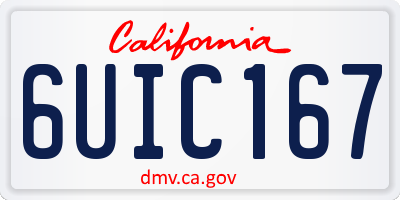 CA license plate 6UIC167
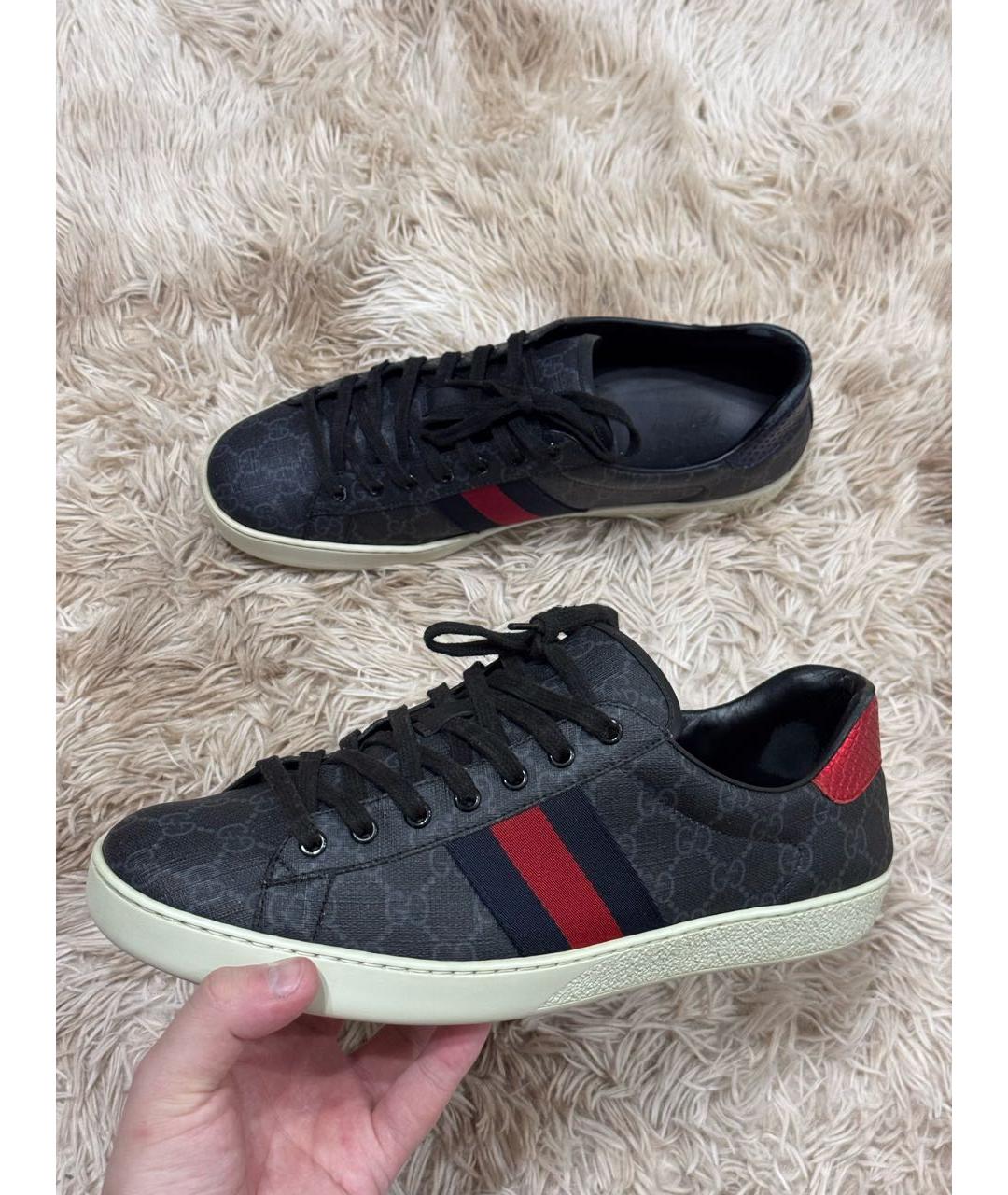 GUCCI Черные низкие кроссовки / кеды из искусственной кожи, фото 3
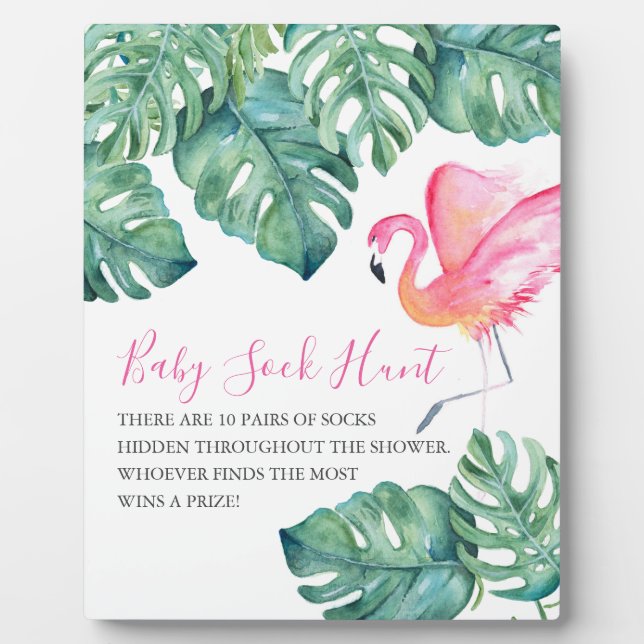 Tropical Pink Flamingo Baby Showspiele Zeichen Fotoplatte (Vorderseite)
────────────────────
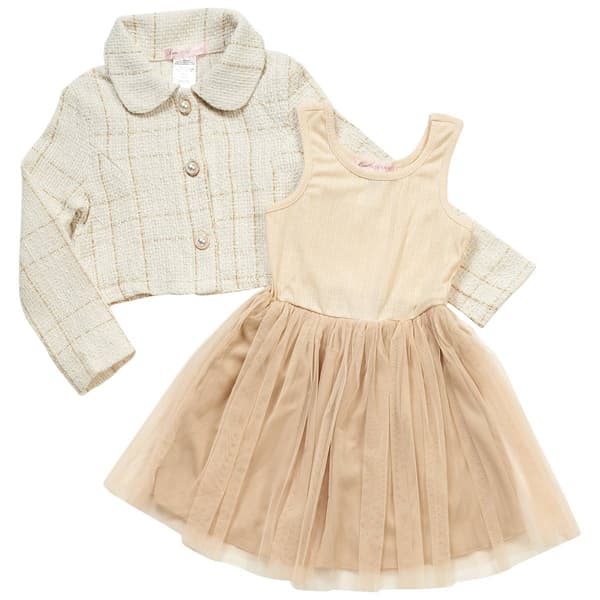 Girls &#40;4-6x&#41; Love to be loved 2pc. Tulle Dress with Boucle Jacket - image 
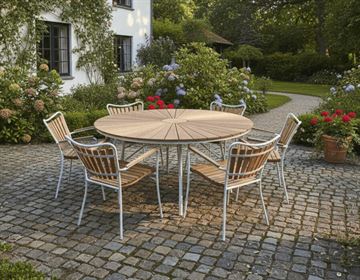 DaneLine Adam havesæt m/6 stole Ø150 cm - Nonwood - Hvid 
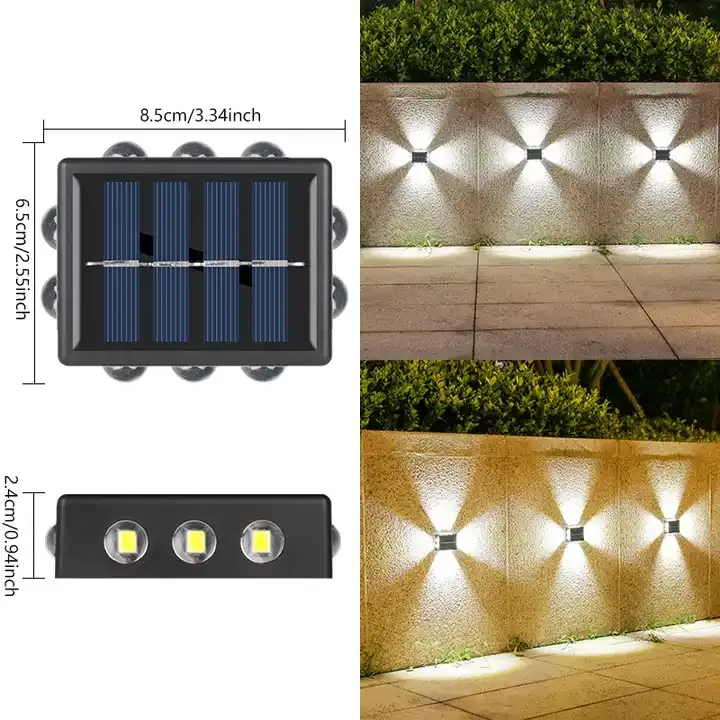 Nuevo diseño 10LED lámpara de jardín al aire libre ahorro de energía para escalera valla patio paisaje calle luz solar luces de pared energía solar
────────────────────
**ACTIVITY:** Copy the lines above exactly, starting with the line that contains "Girls &#40;4-6x&#41; Love" and ending with the line that contains "DaneLine Adam havesæt", and leave out any pictures.

**EXPECTED OUTPUT:**
 Girls &#40;4-6x&#41; Love to be loved 2pc. Tulle Dress with Boucle Jacket - image 
 DaneLine Adam havesæt m/6 stole Ø150 cm - Nonwood - Hvid 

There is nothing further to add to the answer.